→ Exercise description
Restate each record below word for word, skipping images.

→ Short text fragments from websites
'''

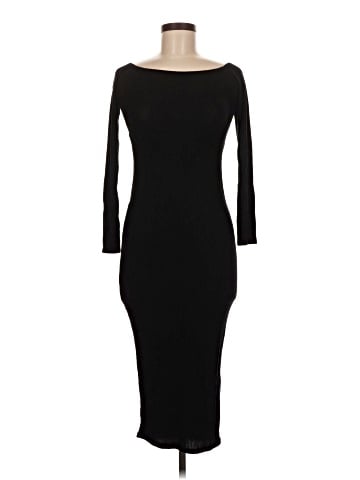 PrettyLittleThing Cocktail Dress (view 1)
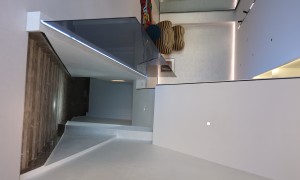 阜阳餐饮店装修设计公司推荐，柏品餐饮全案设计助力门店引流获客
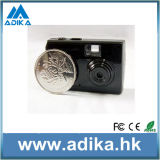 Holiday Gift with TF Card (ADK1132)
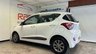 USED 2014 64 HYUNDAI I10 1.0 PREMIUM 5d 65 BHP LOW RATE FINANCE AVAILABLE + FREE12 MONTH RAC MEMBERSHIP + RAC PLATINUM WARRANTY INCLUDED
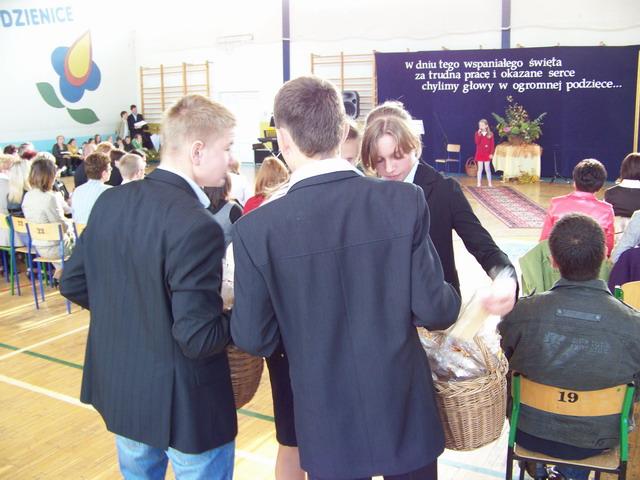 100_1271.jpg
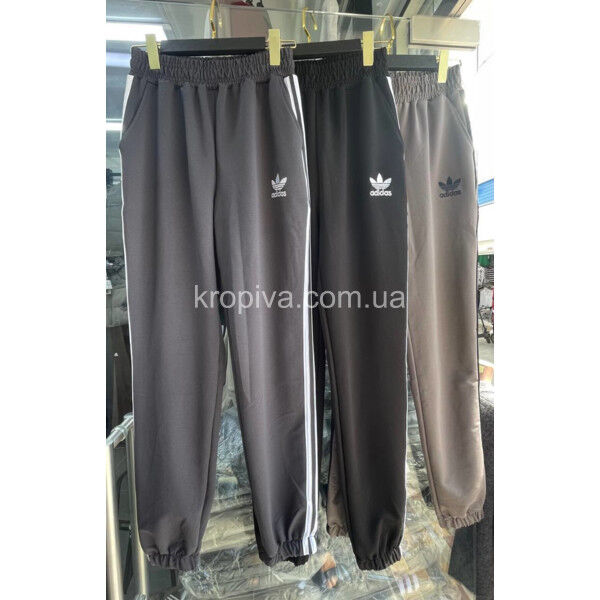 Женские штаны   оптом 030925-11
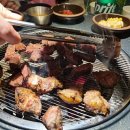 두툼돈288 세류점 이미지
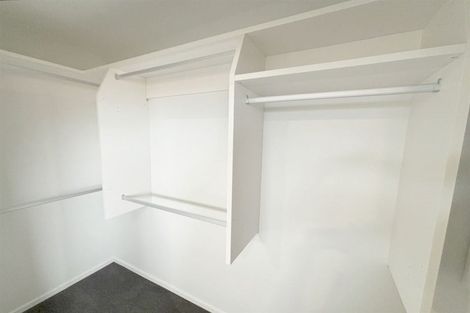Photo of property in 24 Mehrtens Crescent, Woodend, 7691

'''

→ Finished task
 PrettyLittleThing Cocktail Dress (view 1)
 阜阳餐饮店装修设计公司推荐，柏品餐饮全案设计助力门店引流获客
 Holiday Gift with TF Card (ADK1132)
 USED 2014 64 HYUNDAI I10 1.0 PREMIUM 5d 65 BHP LOW RATE FINANCE AVAILABLE + FREE12 MONTH RAC MEMBERSHIP + RAC PLATINUM WARRANTY INCLUDED
 100_1271.jpg
 Женские штаны   оптом 030925-11
 두툼돈288 세류점 이미지
Photo of property in 24 Mehrtens Crescent, Woodend, 7691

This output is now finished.